Como surgiu o Nem Presa Nem Morta e como a sua trajetória está relacionada a essa campanha?

O Nem Presa, Nem Morta nasceu em 2018 por ocasião do Festival pela Vida das Mulheres, em Brasília, quando houve audiências públicas no STF sobre a ADPF 442 [Veja Quadro 1], uma arguição de preceito fundamental sobre a constitucionalidade da criminalização do aborto pelo Código Penal. Estou nesta luta pelo direito ao aborto desde o final da década de 1970. Tenho uma trajetória neste percurso com várias campanhas, materiais educativos e vídeos. Estava engajada nisso desde outras inserções em projetos com diversas parcerias e nisso o meu caminho se cruzou com o de Laura Molinari, uma jovem que naquele ano tinha se dedicado a uma campanha com mensagens contra uma Proposta de Emenda Constitucional [PEC 181/2015], que capiciosamente revertia o texto constitucional para nele inserir o direito à vida desde a concepção. Na verdade, era como um Cavalo de Troia dentro de um projeto de lei sobre amamentação. Lá estava embutida essa proposta de direito à vida desde a concepção. E uma vez que a PEC fosse aprovada, poderia significar que nem os casos previstos poderiam continuar existindo, como a gravidez por estupro, quando há risco de morte para gestante e quando há anencefalia fetal. Havia grande mobilização em torno da defesa da ADPF 442, planejamos o festival em Brasília e criamos o slogan Nem Presa Nem Morta. O festival foi montado em frente ao Museu da República, próximo ao STF, e estivemos ali com várias tendas, um telão enorme que transmitia ao vivo as sessões da audiência pública no STF, já que na sala oficial o acesso do público era limitado. Promovemos uma campanha de comunicação e informação sobre o que estava se passando, para o público em geral.

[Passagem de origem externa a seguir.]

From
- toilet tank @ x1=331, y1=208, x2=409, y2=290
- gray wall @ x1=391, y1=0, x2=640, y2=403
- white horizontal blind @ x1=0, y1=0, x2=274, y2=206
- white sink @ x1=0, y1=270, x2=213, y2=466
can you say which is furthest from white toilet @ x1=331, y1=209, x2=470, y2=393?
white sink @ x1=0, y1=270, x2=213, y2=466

Com o voto da ministra Rosa Weber pela descriminalização do aborto até a 12ª semana, em setembro de 2023, quais expectativas vocês tinham sobre a continuidade da votação?

Temos clareza de que é muito difícil, pela conjuntura que temos hoje no Brasil, que o STF abrace a questão com facilidade. Quando digo abraçar, me refiro a colocar em pauta mesmo. Há outros temas candentes que, podemos dizer, são inescapáveis. O aborto é encarado como um tema que atrapalha e cria um ambiente desfavorável a outras pautas. A gente tem como exemplo clássico que nas campanhas eleitorais, mesmo as candidaturas mais abertas aos direitos e aos princípios democráticos de liberdade, autonomia e decisão, evitam o tema sob o argumento de que não gera voto e atrapalha a campanha. O STF atravessa uma fase de desafio, em que vem sendo acusado de politização, ou seja, de querer invadir a prerrogativa do Congresso Nacional, que é a de legislar. Não é fácil tornar claro que, no caso da ADPF 442, não se trata de legislar, mas de considerar inconstituconal a lei que criminaliza o aborto. O STF está cumprindo seu papel, mas numa conjuntura como a que estamos, sua situação parece ser delicada, e o novo Presidente da casa, o ministro Luís Roberto Barroso, está preferindo adiar esta pauta, sob a alegação de que o tema não está suficientemente amadurecido na sociedade brasileira. Sabíamos que seria difícil com relação à ADPF 442. Confiávamos que a ministra Rosa Weber daria seu voto favorável, antes de se aposentar, como aconteceu. Foi feito de última hora e de tal forma que o voto ficasse mantido, como de fato aconteceu.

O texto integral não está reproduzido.